841 F.2d 344
103 A.L.R.Fed. 1, 56 USLW 2505, 9
Employee Benefits Ca 1609
William E. BROCK, Secretary of the United States Department
of Labor, Plaintiff-Appellee, Cross-Appellant,
CITIZENS BANK OF CLOVIS; Jeff Jacobs; Lynell G. Skarda;
Oscar Toliver; and T.E. Willmon, Jr.,
Nos. 86-1288, 86-1342.
United States Court of Appeals,
Feb. 25, 1988.
Rehearing Denied April 14, 1988.
Larry D. Newsome (George R. Salem, Robert N. Eccles, and Louis L. Joseph, Washington, D.C.; and William L. Lutz, U.S. Atty., and Ronald F. Ross, Asst. U.S. Atty., Albuquerque, N.M., with him on the brief), U.S. Dept. of Labor, Washington, D.C., for plaintiff-appellee, cross-appellant.

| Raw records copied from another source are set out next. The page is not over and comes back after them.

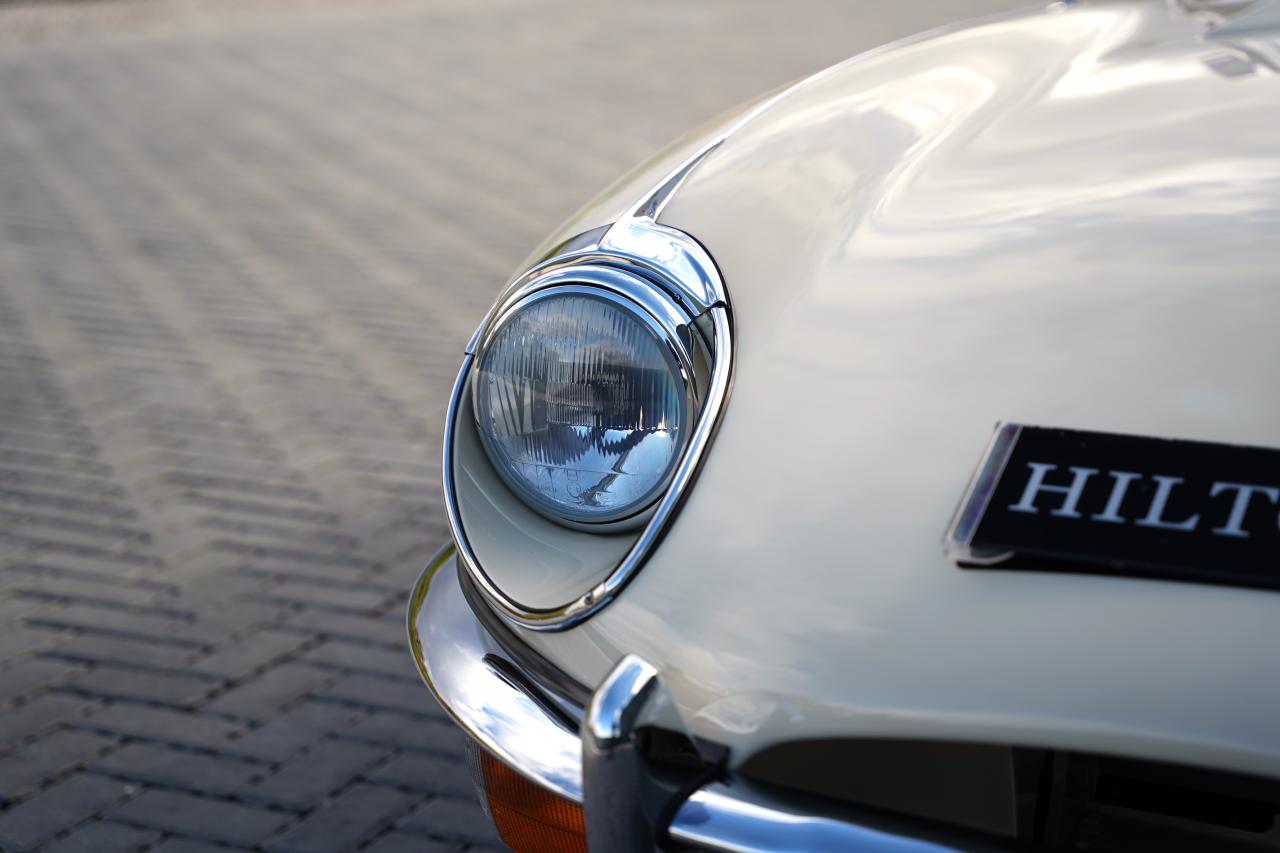 1969 Jaguar E-Type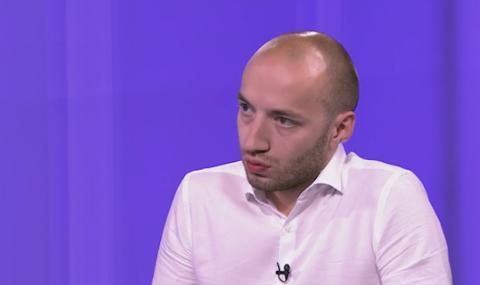 Димитър Ганев: Мангъров е възможен заради успеха на Мутафчийски - 1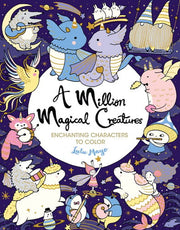 Million Magical Creatures Enchanting Characters to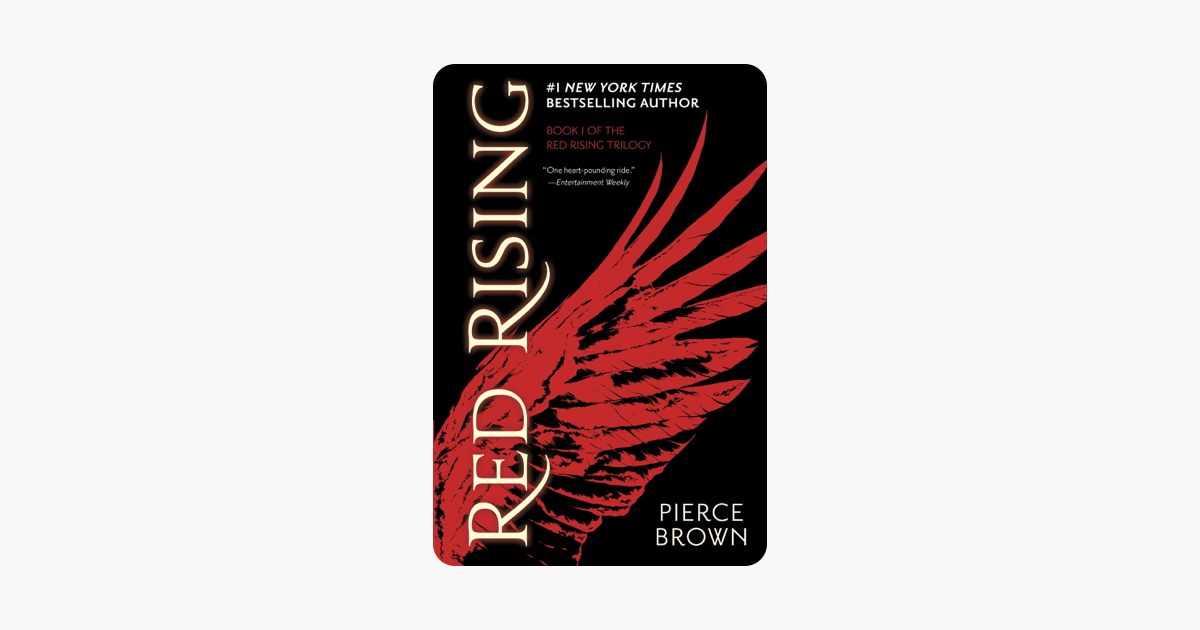 ‎Red Rising on Apple Books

Charles C. Spann of Spann, Latimer & Hollowwa, Albuquerque, N.M., for defendants-appellants, cross-appellees.
Before MOORE and BARRETT, Circuit Judges, and ANDERSON, District Judge.*
JOHN P. MOORE, Circuit Judge.
This appeal presents several questions applying the Employee Retirement and Income Security Act (ERISA) to specific transactions involving the Citizens Bank of Clovis Pension Plan. The district court held that Citizens Bank of Clovis (Bank) and the trustees of the Bank's plan violated the diversification requirement and the prohibition against party-in-interest transactions contained in ERISA. The defendant Bank and the trustees appeal that decision. The court refused, however, to hold that ERISA's self-dealing prohibition was violated when the trustees invested plan assets in permanent loans to third parties to whom the Bank had provided interim financing. On procedural grounds, the court also refused to require the defendant Bank to restore to the plan the interest it earned from the loans. The plaintiff Secretary appeals the latter two decisions. Our analysis leads us to conclude the trial court properly resolved all issues, and we affirm.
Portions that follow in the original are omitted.